No entanto, a segunda parte de Mestres do Universo ainda possui alguns problemas. Em especial, a velocidade com que precisa resolver as questões pendentes. Ao contar com a mesma quantidade de episódios, os minutos não são suficientes para entregar de maneira satisfatória as mudanças de alguns personagens, principalmente aquelas mais drásticas. Alguns conceitos também surgem no meio da trama, sem espaço para uma abordagem mais estruturada. Vale ressaltar que não estamos diante de algo bagunçado, apenas com algumas peças que carecem de ajuste. Como por exemplo, a iniciação de Teela no mundo da magia e a mudança de perspectiva de Maligna sobre o universo e seu propósito.
Óbvio que nem toda a desconstrução desse mundo está imune ao fan service, já que é necessário agradar o público para sobreviver. Mestres do Universo abraça mais essa vertente na segunda parte, colocando figuras clássicas da antiga animação em tela, mesmo que só por algumas cenas. Não se enganem, essa ainda é uma série para vender brinquedos. Seu principal diferencial está na forma como acrescenta personalidade e profundidade aos personagens, criando assim uma trama muito mais interessante e coesa. E convenhamos, é divertido ver tudo isso de volta, com um visual infinitamente superior e com muito mais substância.

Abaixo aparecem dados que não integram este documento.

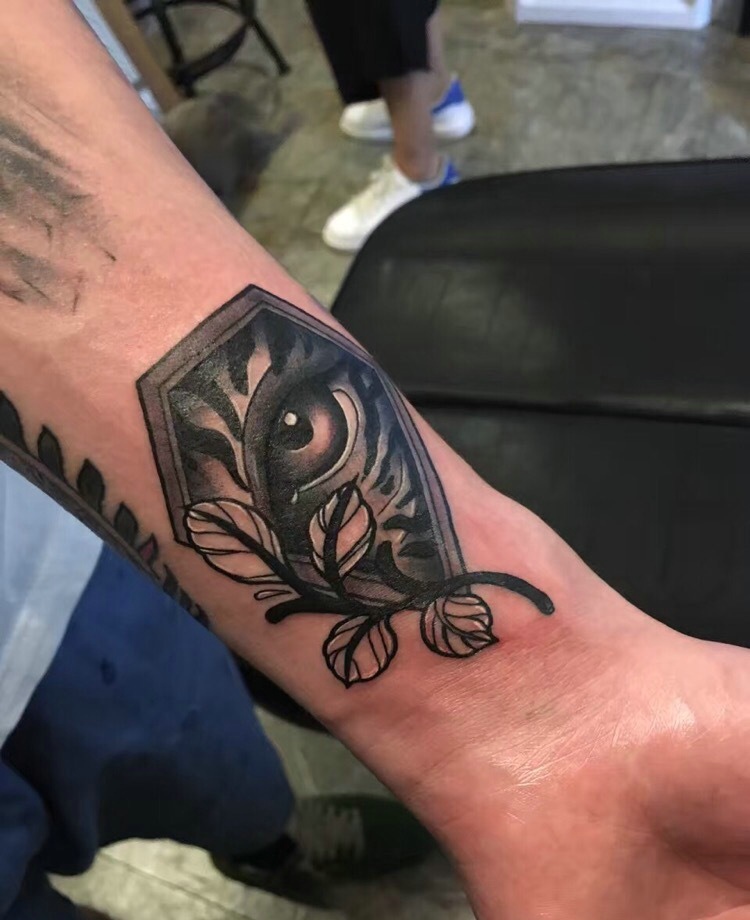手臂一款有魅力的3d眼球纹身图案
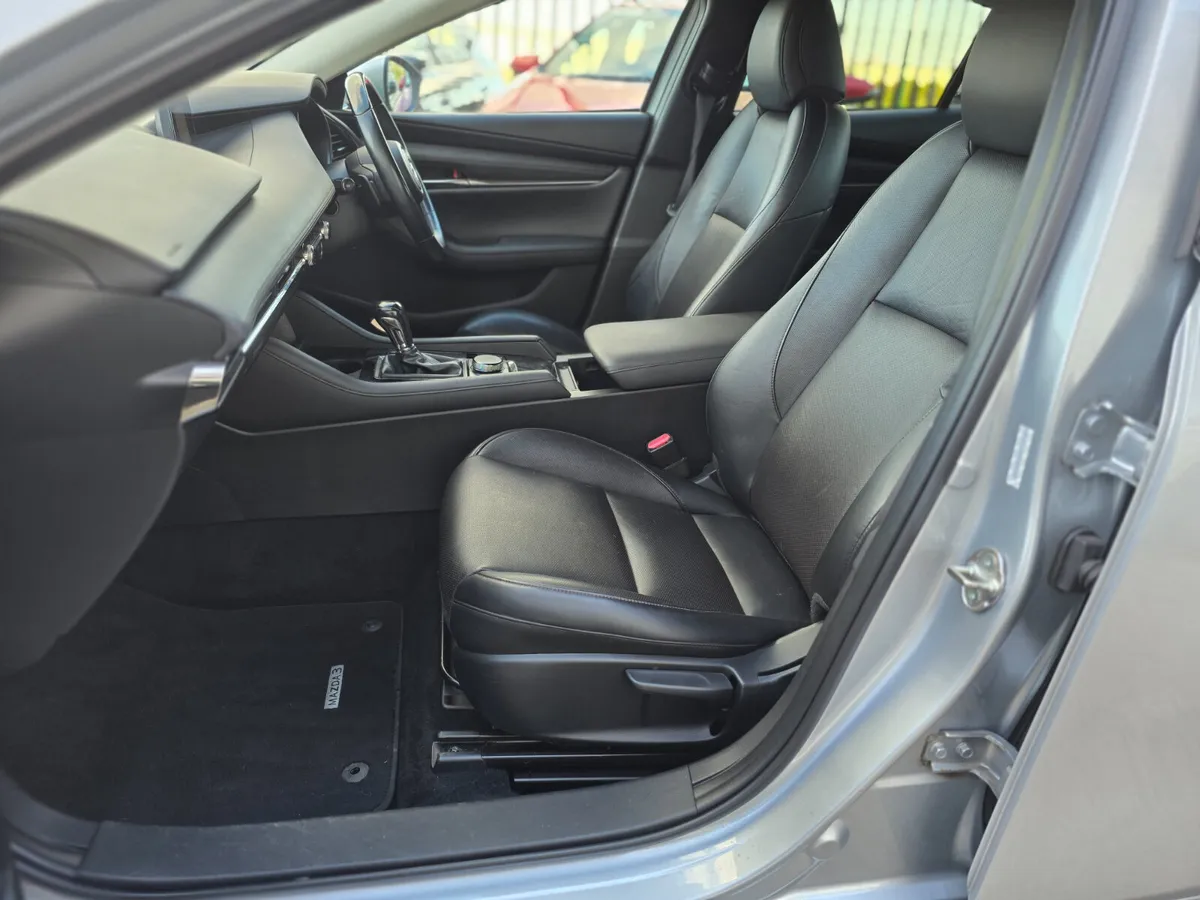 Mazda Mazda3 1.8 Platinum Sport - Image 4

O final desse primeiro arco de Mestres do Universo: Salvando Eternia resolve de maneira extremamente satisfatória suas pendências, entregando momentos de empolgação genuína. Particularmente, prefiro o equilíbrio da primeira parte. Mas, no panorama geral, Kevin Smith consegue revitalizar e criar um rumo para uma franquia que sobrevivia no imaginário popular apenas pela força da nostalgia. Nunca imaginei que passaria por isso um dia, mas estou curioso pelas próximas aventuras do He-Man.